Europe should significantly back investment in gas and provide a policy framework that enables European banks to invest in hydrocarbons across Africa, the Ghanaian and Nigerian energy ministers said on Tuesday at the Gastech conference in Milan.

Focusing on gas production in Africa is "a no-brainer", Nigerian oil minister Timipre Sylva said, with 600mn people living without electricity in Africa and 740 trillion ft³ (21 trillion m³) of gas reserves on the continent. Increased gas production would also help the continent's 900mn people who live without access to clean cooking fuels, provide massive job opportunities and allow the emergence of a new alternative supplier for Europe, a "win-win for Europe and Africa", the minister said.

And it is in Europe's own interest "to reduce discriminatory investment rules that the banks are doing", Sylva said. The minister said that he had previously told European officials that they "must provide the appropriate policy framework for your banks, so that they can invest in oil and gas".

The EU's energy taxonomy, set to come into force in January 2023, is a voluntary tool and a signpost for private investors towards climate neutrality.

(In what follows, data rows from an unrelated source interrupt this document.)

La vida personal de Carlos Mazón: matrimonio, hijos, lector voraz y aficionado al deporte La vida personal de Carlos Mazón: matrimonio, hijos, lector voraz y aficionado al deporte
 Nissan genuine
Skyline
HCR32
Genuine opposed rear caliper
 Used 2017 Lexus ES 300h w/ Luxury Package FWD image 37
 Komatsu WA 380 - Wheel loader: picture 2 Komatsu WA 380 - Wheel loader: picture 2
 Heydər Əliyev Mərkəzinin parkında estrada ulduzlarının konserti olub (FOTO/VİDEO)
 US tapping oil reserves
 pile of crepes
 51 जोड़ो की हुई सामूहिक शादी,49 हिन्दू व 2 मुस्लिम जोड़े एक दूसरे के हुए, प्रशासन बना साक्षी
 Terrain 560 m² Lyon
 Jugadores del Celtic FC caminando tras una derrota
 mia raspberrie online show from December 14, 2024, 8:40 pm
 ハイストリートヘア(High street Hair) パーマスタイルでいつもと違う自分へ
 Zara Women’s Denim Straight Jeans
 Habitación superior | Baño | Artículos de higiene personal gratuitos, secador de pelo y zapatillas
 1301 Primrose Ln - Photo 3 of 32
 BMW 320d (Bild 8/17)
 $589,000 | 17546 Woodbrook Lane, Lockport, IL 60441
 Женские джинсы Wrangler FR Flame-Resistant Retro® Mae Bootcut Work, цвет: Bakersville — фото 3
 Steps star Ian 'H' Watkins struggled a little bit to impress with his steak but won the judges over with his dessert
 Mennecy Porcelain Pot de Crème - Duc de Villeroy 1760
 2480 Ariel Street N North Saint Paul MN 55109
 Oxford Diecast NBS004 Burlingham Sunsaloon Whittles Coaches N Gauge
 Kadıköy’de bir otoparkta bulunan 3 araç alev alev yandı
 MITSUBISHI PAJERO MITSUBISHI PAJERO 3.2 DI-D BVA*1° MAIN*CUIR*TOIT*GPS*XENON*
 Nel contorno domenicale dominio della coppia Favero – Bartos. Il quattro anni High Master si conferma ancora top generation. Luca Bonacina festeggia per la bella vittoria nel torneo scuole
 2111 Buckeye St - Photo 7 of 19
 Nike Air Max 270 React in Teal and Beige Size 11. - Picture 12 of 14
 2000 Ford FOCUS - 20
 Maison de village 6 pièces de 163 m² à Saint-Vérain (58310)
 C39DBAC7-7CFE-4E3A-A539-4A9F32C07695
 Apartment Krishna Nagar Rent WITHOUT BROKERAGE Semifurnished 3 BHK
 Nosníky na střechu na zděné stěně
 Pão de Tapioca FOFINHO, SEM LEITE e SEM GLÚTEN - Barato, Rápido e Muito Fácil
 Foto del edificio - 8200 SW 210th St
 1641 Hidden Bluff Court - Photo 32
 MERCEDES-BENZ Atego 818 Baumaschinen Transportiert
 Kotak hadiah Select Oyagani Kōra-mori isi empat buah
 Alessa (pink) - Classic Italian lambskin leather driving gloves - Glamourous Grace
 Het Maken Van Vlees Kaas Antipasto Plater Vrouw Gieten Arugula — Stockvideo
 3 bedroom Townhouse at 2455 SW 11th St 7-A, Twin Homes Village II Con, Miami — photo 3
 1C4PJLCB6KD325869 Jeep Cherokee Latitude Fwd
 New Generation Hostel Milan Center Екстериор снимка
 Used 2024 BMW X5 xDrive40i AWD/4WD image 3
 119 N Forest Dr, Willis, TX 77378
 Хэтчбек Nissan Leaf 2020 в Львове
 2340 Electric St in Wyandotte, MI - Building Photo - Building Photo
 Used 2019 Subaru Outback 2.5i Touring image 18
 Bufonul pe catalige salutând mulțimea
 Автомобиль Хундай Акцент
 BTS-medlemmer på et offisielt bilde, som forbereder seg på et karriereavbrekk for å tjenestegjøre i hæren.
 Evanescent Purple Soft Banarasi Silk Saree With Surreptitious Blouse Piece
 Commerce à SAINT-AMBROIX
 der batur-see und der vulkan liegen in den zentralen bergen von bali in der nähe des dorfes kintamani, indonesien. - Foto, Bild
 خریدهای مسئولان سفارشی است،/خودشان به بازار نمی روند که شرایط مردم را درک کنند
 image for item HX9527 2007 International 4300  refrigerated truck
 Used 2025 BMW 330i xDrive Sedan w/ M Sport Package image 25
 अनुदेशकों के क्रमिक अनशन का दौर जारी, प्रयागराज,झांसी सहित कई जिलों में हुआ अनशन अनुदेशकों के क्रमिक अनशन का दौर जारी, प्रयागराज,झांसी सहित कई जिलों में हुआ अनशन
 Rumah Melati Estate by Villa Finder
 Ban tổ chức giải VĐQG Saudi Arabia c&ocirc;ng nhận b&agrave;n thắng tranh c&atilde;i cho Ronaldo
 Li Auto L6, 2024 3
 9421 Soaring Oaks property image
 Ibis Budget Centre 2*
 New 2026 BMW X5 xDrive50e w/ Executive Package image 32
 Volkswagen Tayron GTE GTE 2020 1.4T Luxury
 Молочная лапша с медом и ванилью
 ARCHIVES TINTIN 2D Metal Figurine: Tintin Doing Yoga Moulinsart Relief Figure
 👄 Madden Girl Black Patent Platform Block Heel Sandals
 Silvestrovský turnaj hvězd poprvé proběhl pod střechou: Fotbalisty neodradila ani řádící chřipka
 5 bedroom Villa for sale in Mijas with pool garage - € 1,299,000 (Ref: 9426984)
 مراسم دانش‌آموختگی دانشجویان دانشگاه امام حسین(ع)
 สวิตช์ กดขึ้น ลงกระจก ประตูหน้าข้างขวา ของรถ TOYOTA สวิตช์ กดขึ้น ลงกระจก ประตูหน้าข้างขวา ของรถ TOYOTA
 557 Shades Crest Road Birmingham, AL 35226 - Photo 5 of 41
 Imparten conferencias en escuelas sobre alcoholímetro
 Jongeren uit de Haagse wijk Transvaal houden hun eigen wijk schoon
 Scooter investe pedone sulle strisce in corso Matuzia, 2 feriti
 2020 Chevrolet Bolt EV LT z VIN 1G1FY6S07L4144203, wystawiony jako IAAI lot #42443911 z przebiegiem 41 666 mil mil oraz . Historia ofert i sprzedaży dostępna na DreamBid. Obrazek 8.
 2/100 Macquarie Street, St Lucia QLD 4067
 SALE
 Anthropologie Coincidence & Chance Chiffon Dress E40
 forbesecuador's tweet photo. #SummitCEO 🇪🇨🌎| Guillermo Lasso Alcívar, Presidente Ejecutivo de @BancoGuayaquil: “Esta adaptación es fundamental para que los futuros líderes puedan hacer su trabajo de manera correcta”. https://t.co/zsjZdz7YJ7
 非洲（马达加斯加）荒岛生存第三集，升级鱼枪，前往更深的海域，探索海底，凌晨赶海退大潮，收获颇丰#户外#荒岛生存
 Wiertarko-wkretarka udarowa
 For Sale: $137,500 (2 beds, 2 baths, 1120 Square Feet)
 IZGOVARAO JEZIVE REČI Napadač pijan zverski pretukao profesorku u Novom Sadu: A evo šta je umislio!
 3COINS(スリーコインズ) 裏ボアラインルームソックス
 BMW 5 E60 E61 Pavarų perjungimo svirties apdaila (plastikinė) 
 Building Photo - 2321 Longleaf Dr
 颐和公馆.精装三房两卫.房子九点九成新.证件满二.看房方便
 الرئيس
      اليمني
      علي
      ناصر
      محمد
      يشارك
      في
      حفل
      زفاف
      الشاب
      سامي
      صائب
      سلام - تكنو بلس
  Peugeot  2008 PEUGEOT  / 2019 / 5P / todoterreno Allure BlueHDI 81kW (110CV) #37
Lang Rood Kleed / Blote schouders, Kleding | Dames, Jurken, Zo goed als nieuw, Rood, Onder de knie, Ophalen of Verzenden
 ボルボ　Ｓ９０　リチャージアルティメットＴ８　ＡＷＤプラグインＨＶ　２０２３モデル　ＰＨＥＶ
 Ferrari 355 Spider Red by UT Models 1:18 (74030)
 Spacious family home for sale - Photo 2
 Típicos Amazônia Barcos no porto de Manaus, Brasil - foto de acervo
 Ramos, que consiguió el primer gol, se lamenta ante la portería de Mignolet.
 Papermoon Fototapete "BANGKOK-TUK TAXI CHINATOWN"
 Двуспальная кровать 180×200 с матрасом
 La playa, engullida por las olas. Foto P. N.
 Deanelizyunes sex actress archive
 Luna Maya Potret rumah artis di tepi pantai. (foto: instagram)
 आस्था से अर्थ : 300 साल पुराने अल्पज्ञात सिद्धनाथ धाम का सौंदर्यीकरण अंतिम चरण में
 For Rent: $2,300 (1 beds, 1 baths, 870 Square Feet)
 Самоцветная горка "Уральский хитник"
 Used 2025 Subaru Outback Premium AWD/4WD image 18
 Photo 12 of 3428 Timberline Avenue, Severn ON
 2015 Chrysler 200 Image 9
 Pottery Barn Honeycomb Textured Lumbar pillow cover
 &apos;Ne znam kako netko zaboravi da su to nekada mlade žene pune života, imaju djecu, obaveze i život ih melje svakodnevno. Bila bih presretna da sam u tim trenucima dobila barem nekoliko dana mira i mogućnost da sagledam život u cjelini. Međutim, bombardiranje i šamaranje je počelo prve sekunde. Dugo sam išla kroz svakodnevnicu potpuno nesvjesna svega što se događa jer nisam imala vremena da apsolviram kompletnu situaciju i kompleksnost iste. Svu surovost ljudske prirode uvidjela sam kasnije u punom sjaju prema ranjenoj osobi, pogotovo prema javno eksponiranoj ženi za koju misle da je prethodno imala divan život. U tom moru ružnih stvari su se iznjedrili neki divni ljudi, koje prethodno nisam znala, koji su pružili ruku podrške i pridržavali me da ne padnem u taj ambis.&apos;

But investment from large European banks in oil and gas fell in 2021, unlike their north American counterparts.

Ghanaian minister Matthew Opoku Prempeh also called for more investment. "Africa has been chronically under-invested," he said. "No country should be told to stay where it is," he added.

The issue of European investment in African hydrocarbons had previously risen to the fore during European Commission president Ursula von Der Leyen's visit to Senegal in February. Senegalese President Macky Sall said that cutting off funding for new gas exploration would be a "fatal blow" for emerging African countries.

Indian minister welcomes change in narrative

Indian oil and gas minister Hardeep Singh Puri welcomed the shift in the popular narrative away from the "ideological hang-up about not using or not extracting the gas reserves you have".

"Gas is a clean fuel, if you have it why don't you use it," he said. He added that it is time to "step on the gas on all the plants, whether it is wind, solar, innovations, compressed biogas".